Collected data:
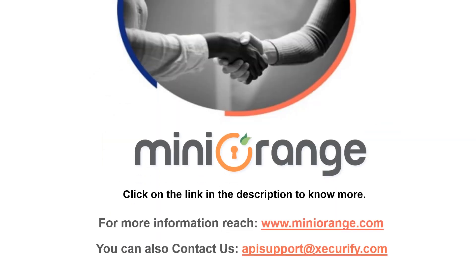Thank you for watching this video. To know more about JWT Single Sign On, please click on the link given in the video description below.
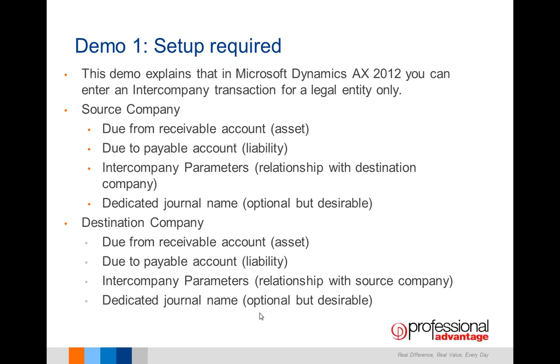We will also look at the source company and destination company's requirements in relation to the general ledger setups for both the receivables and payable accounts, and the intercompany parameters which define the relationship between the destination company and the receiving company.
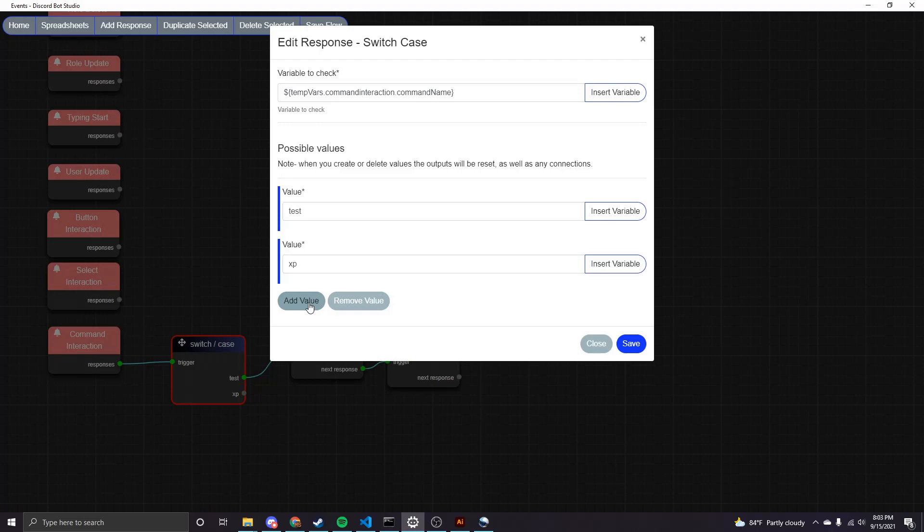So essentially, what you're going to do is have one value for each of your slash commands. And then you would add the responses to that command from that corresponding output.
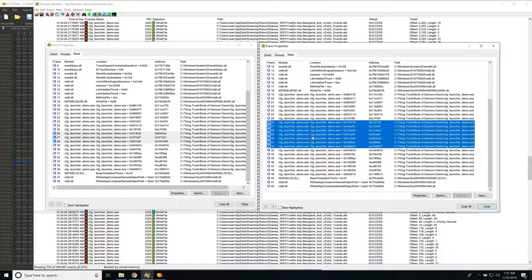Hopefully that makes sense and guides you in the right direction for file format reverse engineering on Windows. Hopefully you learned something new — that's it, thanks.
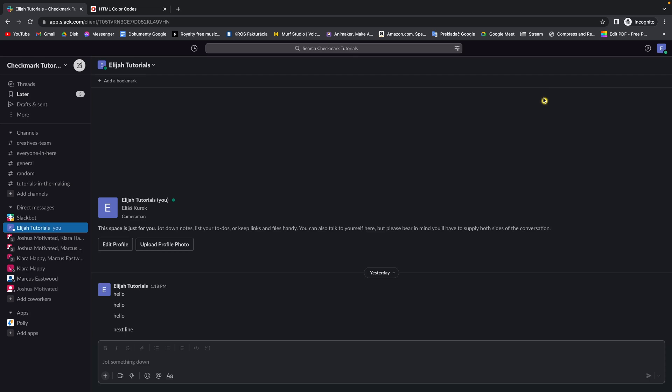Hey guys, my name is Elijah and today I will show you how to turn off these email notifications from Slack. So they are really really annoying I think, in my opinion they really are.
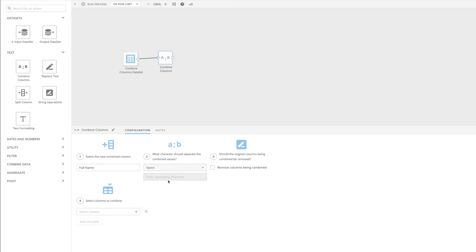We're going to keep the original columns, but there is an option to remove the source column if we wanted to.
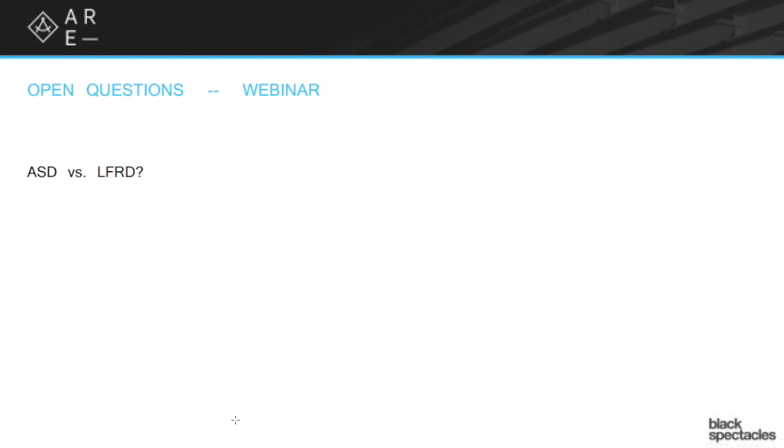ASD versus LFRD. This question is essentially about how we calculate the size and the robustness of the structural elements that we're working on.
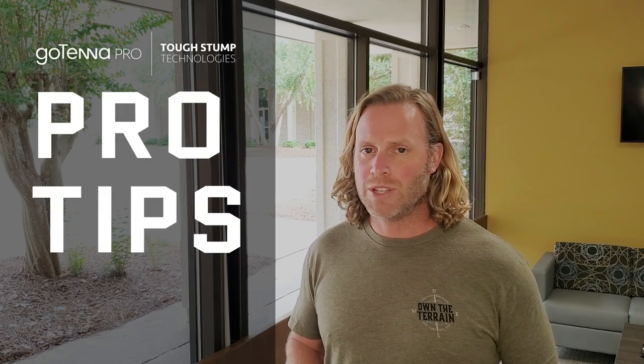Hello, goTenna friends. This is Zeb Gillette, cell leader at Tough Stump Technologies, here with the goTenna Pro Tips series.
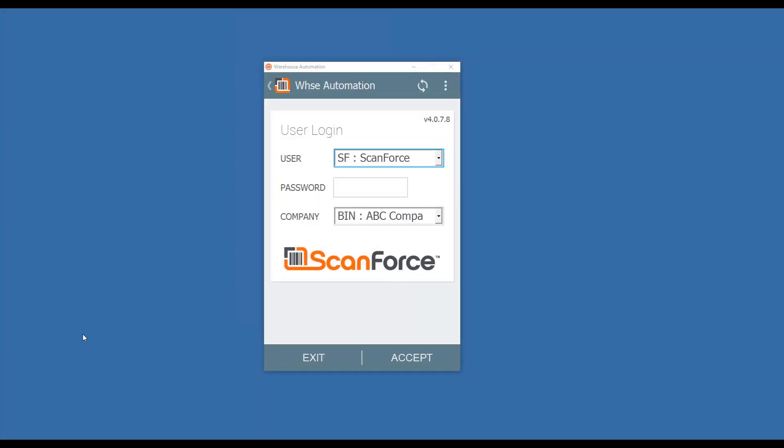Welcome to another video installment from ScanForce. Today we're going to be showing you our enhancement called Pick to Pallet.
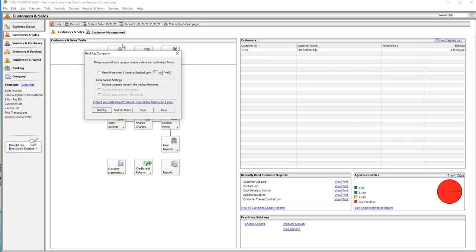This is a difficult situation if you have any software that you are using — you will have a software system that you are using. Our software has a way to use, including companies in the backup file, and we need to use the backup. This will be done with the backup file. Our backup file is done with the backup file, and we need to use the backup file.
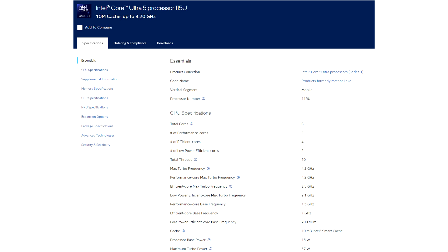Intel's Meteor Lake mobile processor family launched last December with an initial selection comprised of 11 Core Ultra SKUs. This week, Internet sleuths have stumbled on some new additions. Team Blue has seemingly rolled out new models without much fanfare.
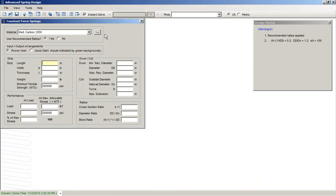We see the form within ANST 7. Choose the material. If you use the recommended ratios, as we see over in the design status screen, there are three of them. Those will be applied and fewer inputs would be required then — those will add extra constraints.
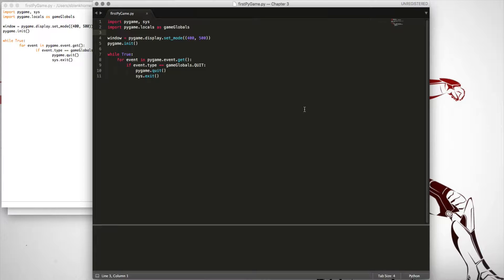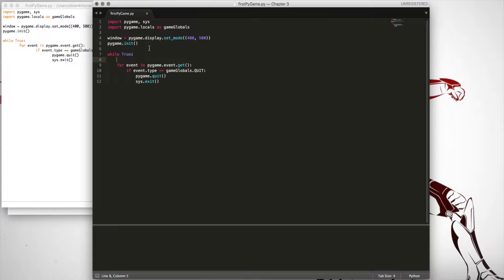I'm going to show you just some of the basics of Pygame. I've got a file already set up and I'm going to walk you through the main points you need in every Pygame document. To begin, we need to import Pygame at the top. I'm also importing the sys library, which is handy for quitting the game. I'm also importing pygame.locals — a bunch of built-in local variables — and I'm choosing to import them as 'game_globals', which I'll refer to later.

**What this task involves**.
Please repeat, exactly and with nothing else, the lines from the one containing "Intel's Meteor Lake" to the last line of the entries, both included, excluding any pictures.

**Your solution**.
Intel's Meteor Lake mobile processor family launched last December with an initial selection comprised of 11 Core Ultra SKUs. This week, Internet sleuths have stumbled on some new additions. Team Blue has seemingly rolled out new models without much fanfare.
We see the form within ANST 7. Choose the material. If you use the recommended ratios, as we see over in the design status screen, there are three of them. Those will be applied and fewer inputs would be required then — those will add extra constraints.
I'm going to show you just some of the basics of Pygame. I've got a file already set up and I'm going to walk you through the main points you need in every Pygame document. To begin, we need to import Pygame at the top. I'm also importing the sys library, which is handy for quitting the game. I'm also importing pygame.locals — a bunch of built-in local variables — and I'm choosing to import them as 'game_globals', which I'll refer to later.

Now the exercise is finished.